Trent stalked stiff-legged out of the lunchroom.

Trent kept himself under control as he left, but once in the hallway he broke into a run, ignoring the startled glances from a few latecomers. He slammed through the bathroom door and leaned against it, breathing heavily. Derek from Accounting leaned back from a urinal and regarded Trent with raised brows. Trent cleared his throat and tried to look nonchalant, but he couldn’t resist cracking the door and peering back the way he’d come. The statue had turned in the cafeteria doorway and was making its way down the hall, toward the bathroom. It had moved about a foot and a half.

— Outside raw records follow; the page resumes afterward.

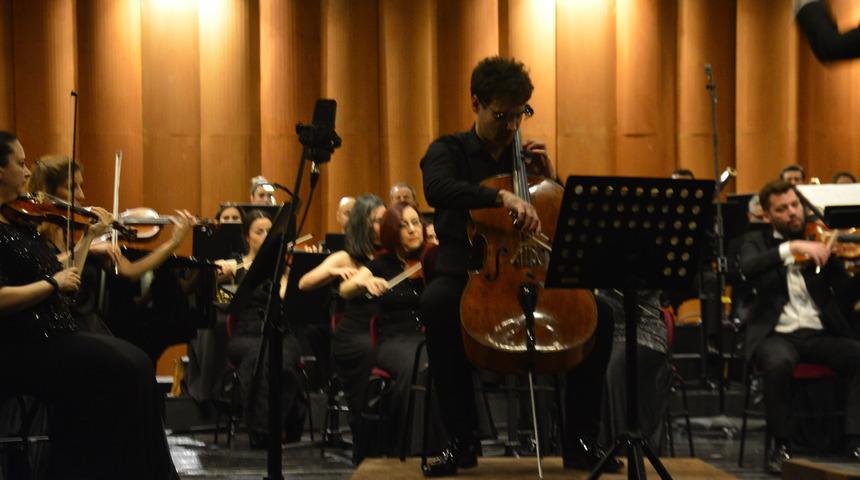 Bursa'da "Türkiye-Fransa Dostluk Konseri" düzenledi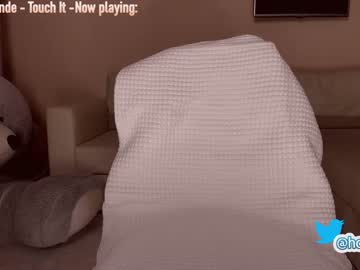 Naked cam girl hollyextra image #867266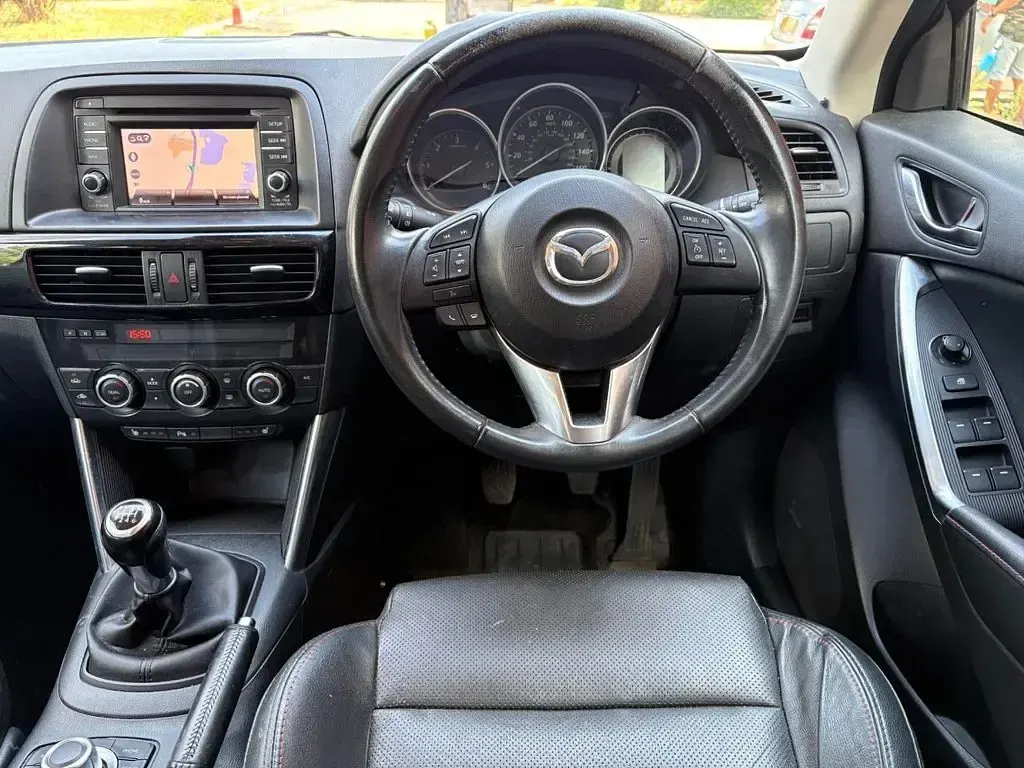 Used Mazda 6 Inclusive 175 HP (128 kW) 2014 Red SUV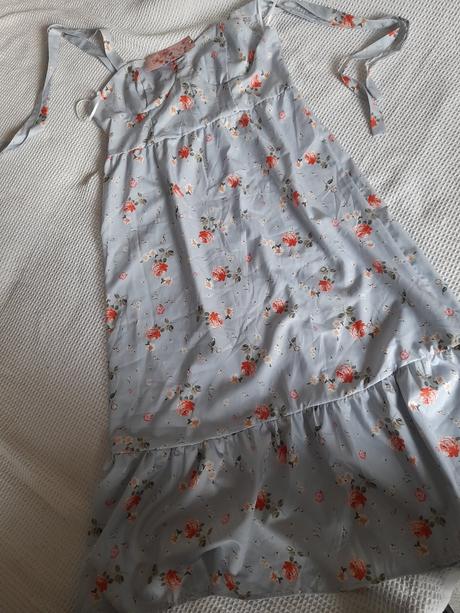 Bledomodre letne saty, l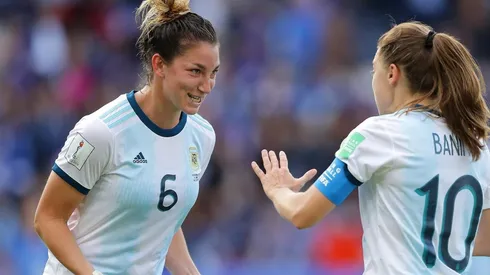 Aldana Comett y Estefanía Banini celebran el empate de Argentina en el Mundial.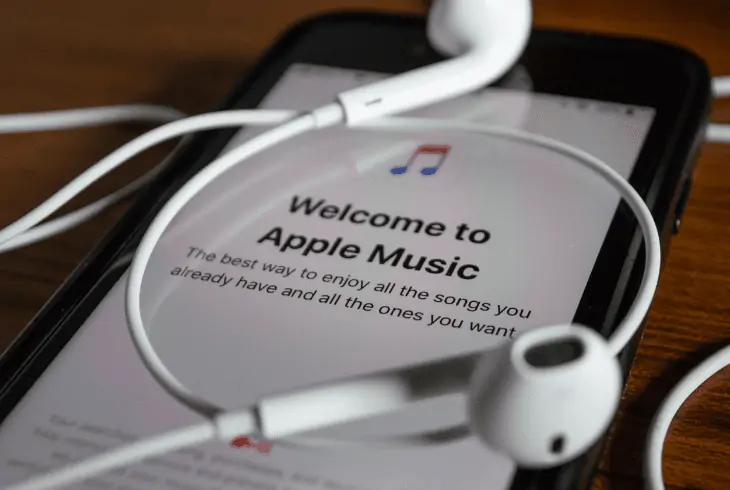 apple music as default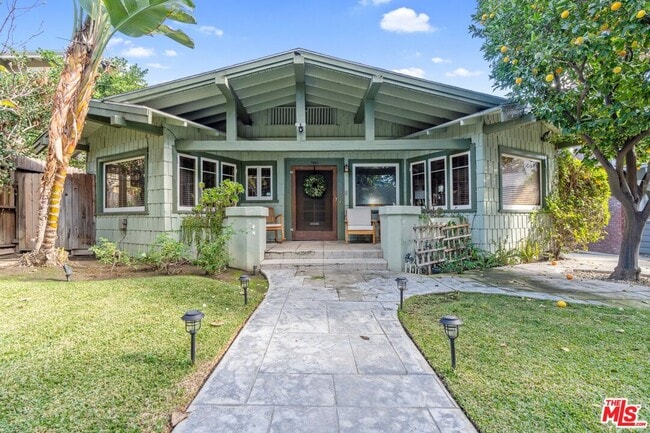 Building Photo - 1550 N Sierra Bonita Ave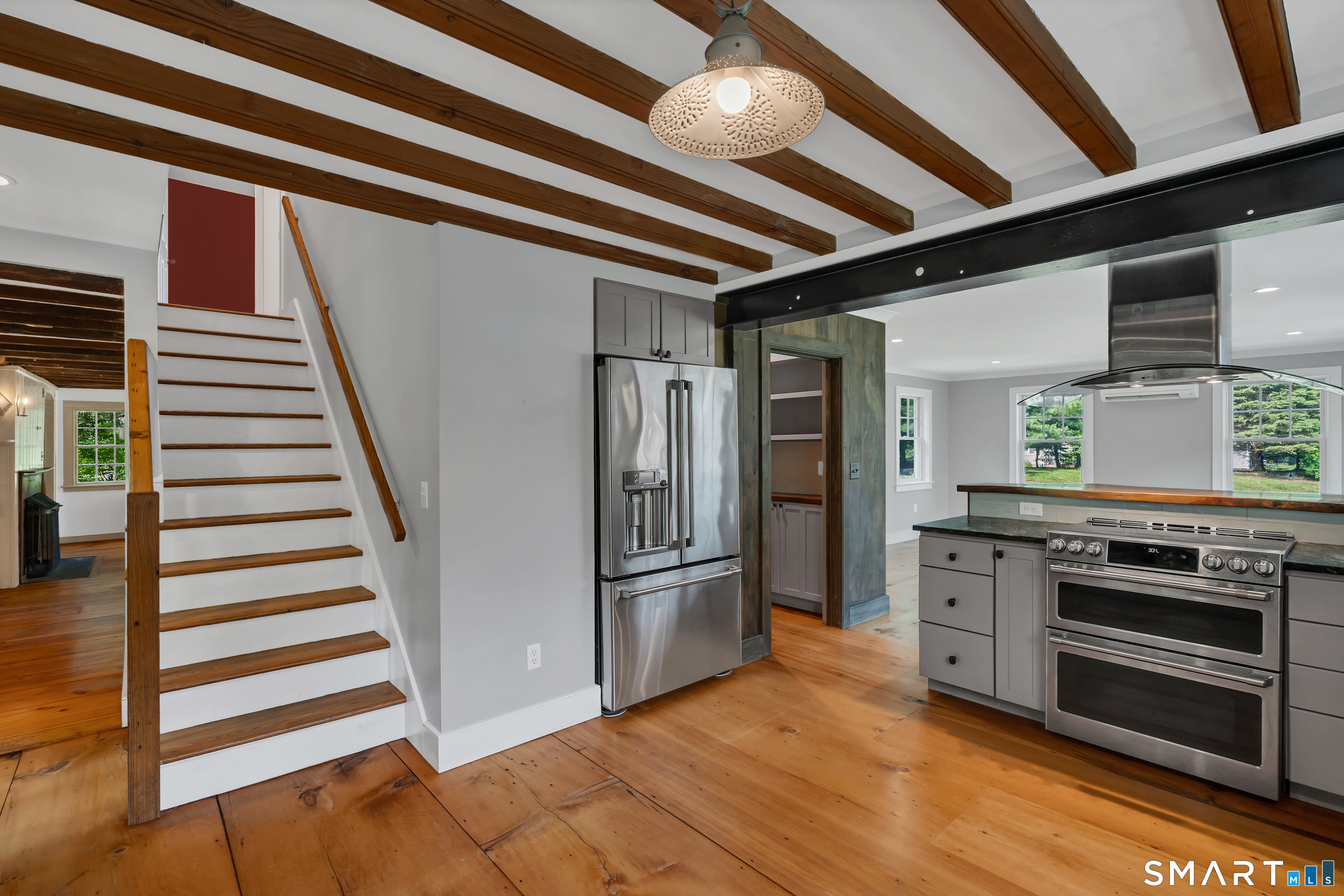 148 Mungertown Road Madison CT 06443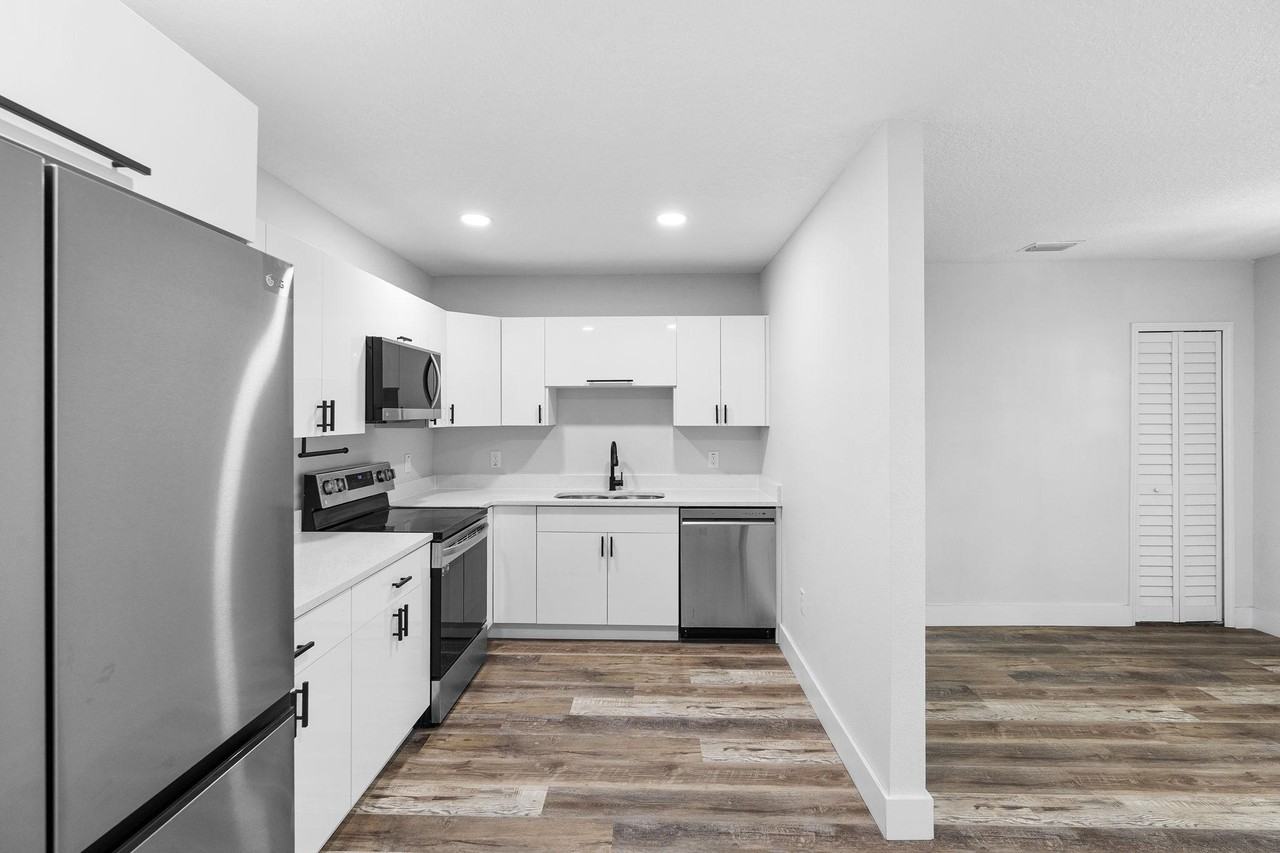 36th St - Photo 3 of 10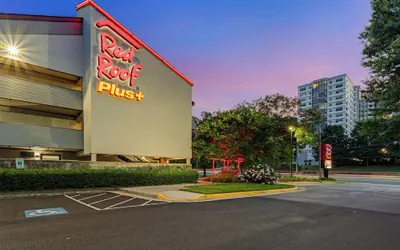 Photo 2 - Red Roof Inn PLUS+ Washington DC - Alexandria 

I can outrun it! Trent thought. Then he recalled where he was. Was he supposed to take a break every half hour to run around the building and lead the thing on a wild goose chase? What would he say to Corman? “I have to go confuse the statue?” Why was it here? What did it want from him?

He watched it proceed at its glacial pace for a while longer, until Derek coughed uncomfortably behind him.

“Oh!” said Trent. “Sorry.” He stood aside to let the man pass. “Hey,” he said as Derek left the bathroom.

Hesitantly, Derek turned toward him, his face plastered with a polite rictus.

“Do you . . . see anything? Down there?” Trent indicated the statue with a nod of his head.

Derek glanced in the indicated direction for perhaps a half second, then shook his head. He was already backing slowly away, preparatory to an all-out run. Trent sighed and hung his head. “Okay, thanks,” he said, giving Derek tacit permission to flee.

I’ll be getting an extra-hard look at all my expense reports after that, Trent reflected. He watched Derek double-time march away. He seemed to veer around the statue without ever noticing it. Trent frowned and retreated inside the men’s room. He regarded himself in the mirror, the fluorescent lighting giving him a greenish complexion and accentuating the bags under his eyes.

“I look dead,” Trent said aloud. “Maybe I am dead. Maybe this is Hell.” A demon in the form of an ambulatory sidewalk? It wouldn’t be any weirder than some of the things he remembered from Sunday School. How would he know if he was dead? He’d have thought someone would tell him; wasn’t the point of Hell to punish people? What’s the good of punishment if you never found out who was punishing you for what?

He splashed water on his face and straightened his tie. Steeling his nerves, he headed for the door again. The statue had made it another few feet while Trent had been in the restroom. Trent was just in time to see Jay striding down the hallway with an unusual degree of purpose in his step. Jay collided with the little concrete mannequin, tripping over its waist-high body. It wobbled, its platter-like feet giving it impressive balance. Jay tumbled over it to the ground, where he scrambled to a sitting position, rubbing at his shins and staring around in confusion. Trent felt excitement, like a surge of electricity, reanimating his tired limbs. He dashed forward.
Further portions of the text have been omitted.